@Stefan_Salewski \- The idea of defaulting to an optimizing mode has come up 
before. It seems contrary to what almost any user coming from a "compiled 
language" world would expect. For various reasons (debugability, compile-time 
performance, etc.), almost all compilers default to a non-optimized (or very 
weakly optimized) output and allow various knobs to crank up optimization, as 
does the current `nim` setup.

There is even a whole dark art of "best optimization flags" which can be taken 
[to severe extremes](https://github.com/Acovea/libacovea). More 
simply/efficiently/some might say intelligently, you can often use PGO 
[https://forum.nim-lang.org/t/6295](https://forum.nim-lang.org/t/6295) to get 
1.25..2.0x boosts on object code generated from nim-generated C. Some flags 
like `-ffast-math` can even change semantics in subtle ways that can impact 
correctness or not depending on use cases.

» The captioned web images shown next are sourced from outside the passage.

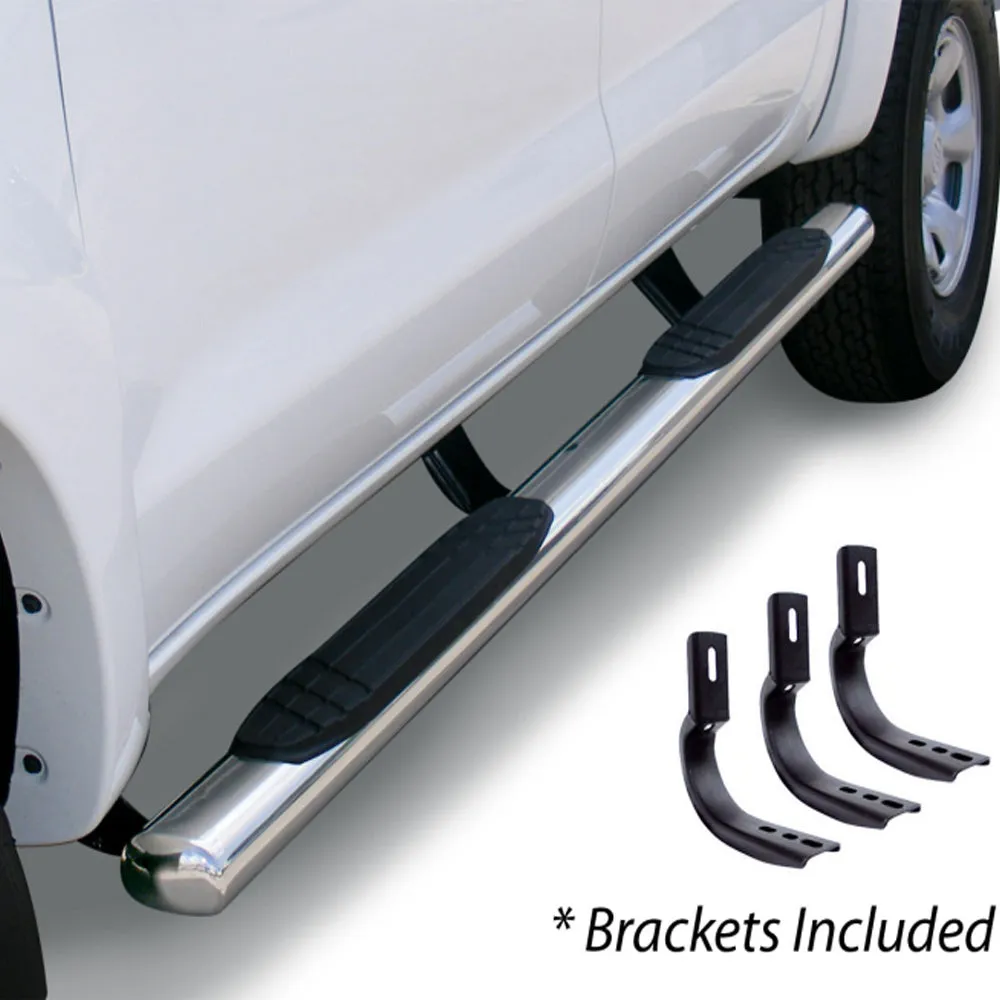 Go Rhino 05  Toyota Tacoma 4in OE Xtreme Complete Kit w/Sidesteps   Brkts (gor684442987PS)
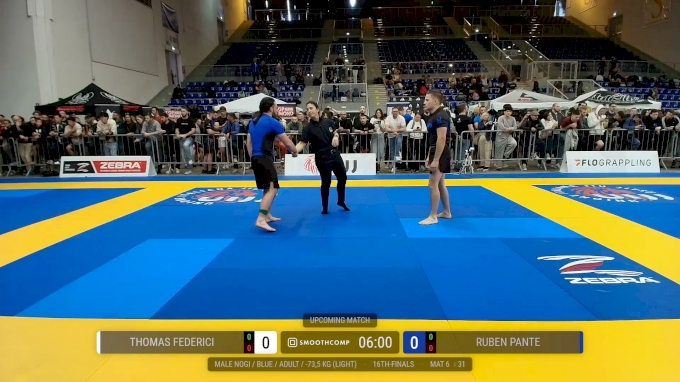 Ruben Pante vs Thomas Federici 2026 UIJJ Italian BJJ Open
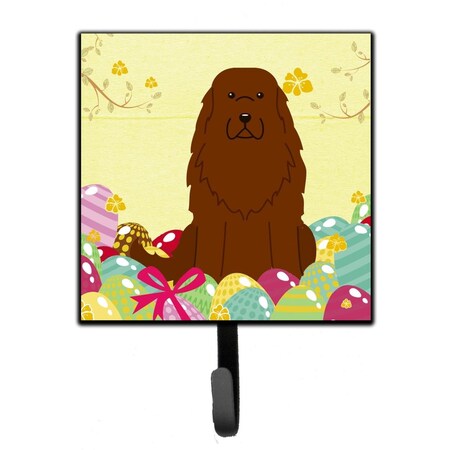 Carolines Treasures Easter Eggs Caucasian Shepherd Dog Leash or Key Holder BB6050SH4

I don't know what to do about people publicizing misleading benchmarks. That 
seems an ineliminable hazard, not only for Nim, but actually **_everywhere and 
all the time_** , and often not on purpose (though most "marketing" wants to do 
strawman comparisons on purpose). Besides compiling wrong, they could also use 
a bad algorithm, misrepresentative inputs, weird machines, benchmarks naive 
relative to intended measurements, and probably several other mistake 
categories. :-/ The best strategy may be trying to be supportive where & when 
we can, educating as we go, though I agree/admit that is a neverending battle.